Google Cloud has announced this week that it’s shutting down its IoT Core service, giving customers a year to move to a partner to manage their IoT devices.
The announcement appeared at the top of the IoT Core web page this week with little fanfare. The company also sent an email to customers announcing the change.
It believes that having partners manage the process for customers is a better way to go. “Since launching IoT Core, it has become clear that our customers’ needs could be better served by our network of partners that specialize in IoT applications and services,” a Google spokesperson explained.

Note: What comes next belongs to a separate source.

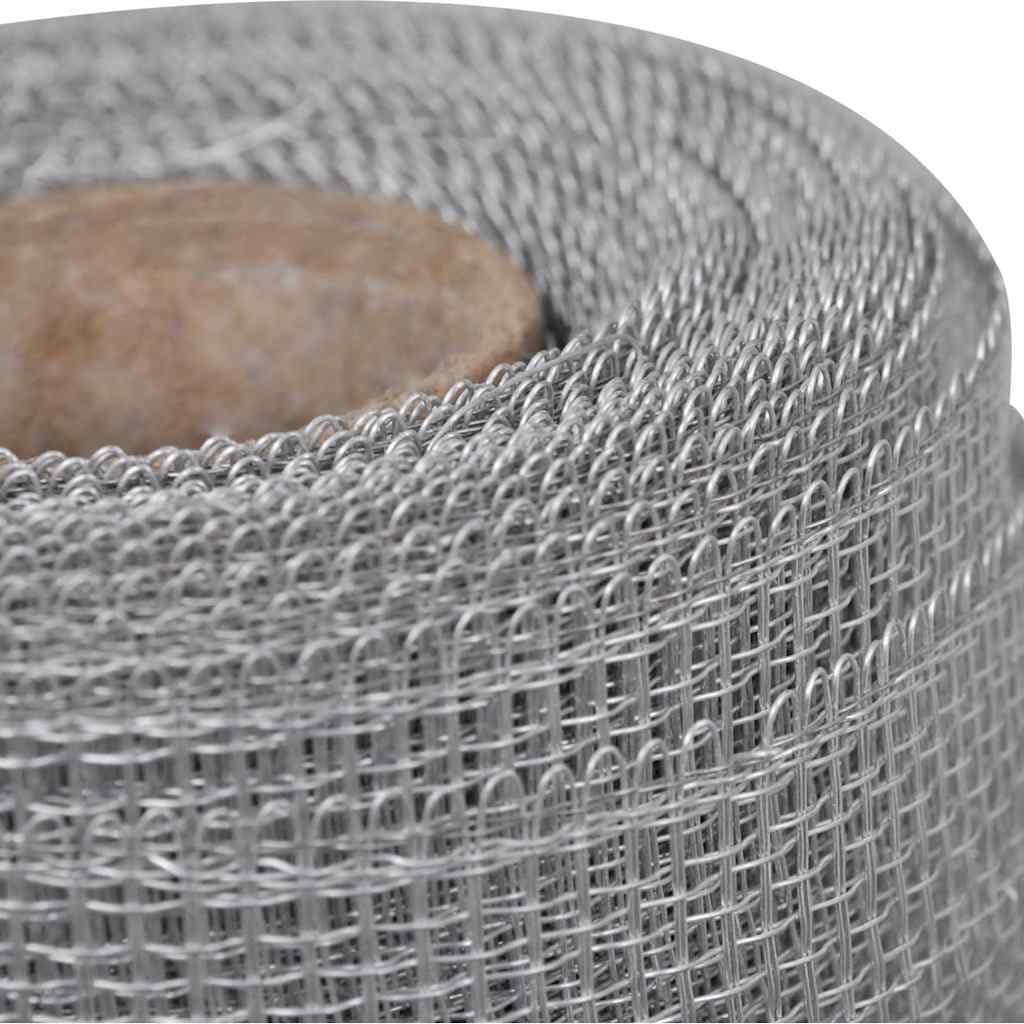Aluminum Mesh Screen 39.4"x196.9" Silver C366134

That may be so, but it certainly didn’t appease commenters on Hacker News, who were highly critical of the news, and questioned Google Cloud’s commitment to its customers.

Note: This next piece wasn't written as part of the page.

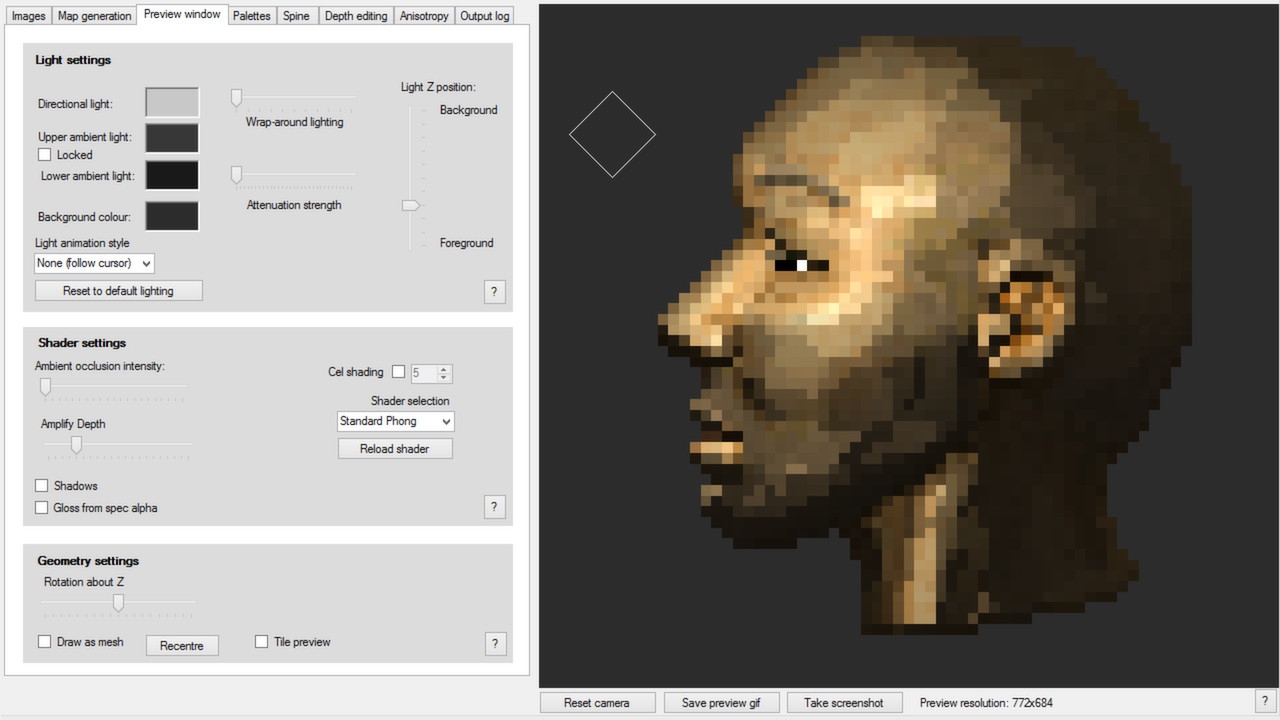 Sprite Lamp Screenshot 2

Competitors AWS and Microsoft offer similar services, which provide a way for customers to manage their IoT devices, while ingesting and making sense of all of the data coming in from those devices.

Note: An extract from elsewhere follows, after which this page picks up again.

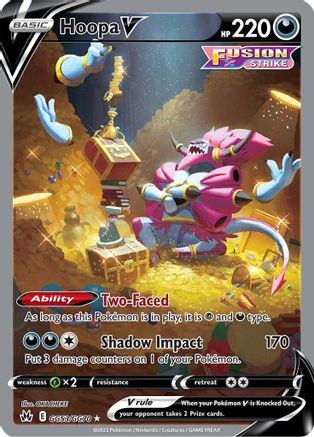 Hoopa V GG53/70 - Crown Zenith Galarian Gallery Holofoil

Constellation Research analyst Holger Mueller found it intriguing that Google was shutting down this particular service after all the IoT hype we’ve been hearing in recent years. “It’s interesting. IoT was supposed to be this big driver for cloud loads for the cloud vendors,” he said.
Mueller said that the big three cloud vendors — Amazon, Microsoft and Google — haven’t had much innovation on IoT services. “All three have been kind of standing still on their offerings, which has allowed the best-of-breed and specialized vendors to catch up. Now those specialized IoT vendors run on the big three cloud infrastructure, and they get those workloads anyway without the investment and maintenance of a software platform,” he said. But so far, only Google has announced it’s deprecating its IoT core service.
Ultimately, this could have to do with the mounting losses that the company has been facing in the cloud division as it works to catch up with rivals Amazon and Microsoft. The investment seems to be working, with the company reporting more than $6 billion in revenue in its most recent earnings report last month, up from $4.6 billion the prior year. But the division also reported losses of $858 million, a much wider gap than the prior year’s $591 million loss.
It’s worth noting that the cloud infrastructure market more broadly is growing rapidly and Google could be investing heavily to get a bigger piece of that over time, while tolerating losses in the short term. Synergy Research reported last month that the market was worth almost $55 billion last quarter, with Google accounting for 10% of that. That was good for third place behind Amazon with 34% and Microsoft with 21%. The market, which includes infrastructure as a service, platform as a service along with hosted private cloud services, grew 31% in Q2 2022. (Google Cloud’s $6 billion figure includes additional services beyond the ones Synergy counts, hence the difference between Synergy’s number, and what Alphabet reported for Google Cloud revenue.)
Google published a blog post last July outlining its core tenets when it comes to changing or shutting down a service. To that end, the company stated, “If a deprecation or breaking change is inevitable, then the burden is on us to make the migration as effortless as possible.”
Regardless of the written policy, customers like the ones on Hacker News are feeling like they’ve been left in the lurch. To a large extent commenters see this as a trust issue, and Google Cloud will need to address that, especially as it tries to grow the division.